▶ _THE TASK_
When you restate the data, keep every word as it is and drop the images.
### GIVEN DATA
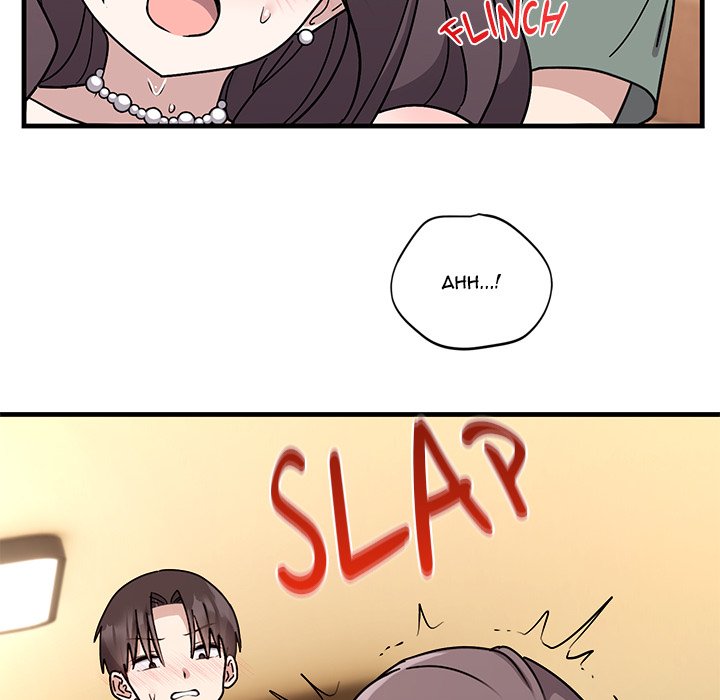 Knot My Secret - episode 4 - 106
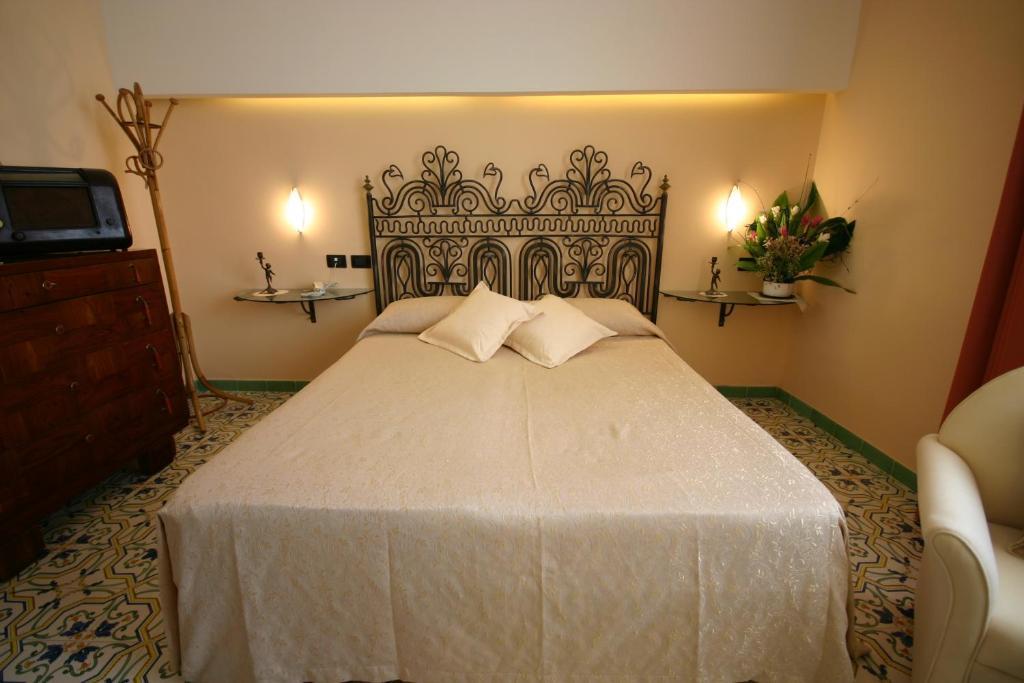 Sorrento Inn Guesthouse Extérieur photo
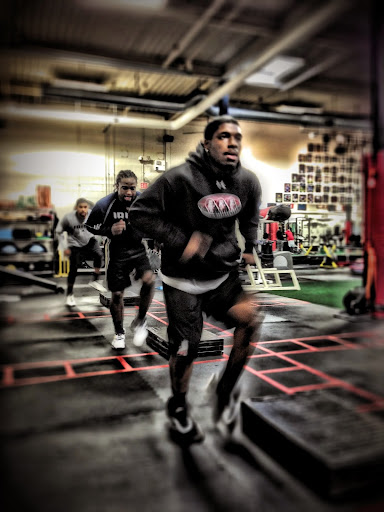 Gym «EFT Sports Performance», reviews and photos, 1630 Old Deerfield Rd #106, Highland Park, IL 60035, USA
######
▶ _EXPECTED OUTPUT_
 Knot My Secret - episode 4 - 106
 Sorrento Inn Guesthouse Extérieur photo
 Gym «EFT Sports Performance», reviews and photos, 1630 Old Deerfield Rd #106, Highland Park, IL 60035, USA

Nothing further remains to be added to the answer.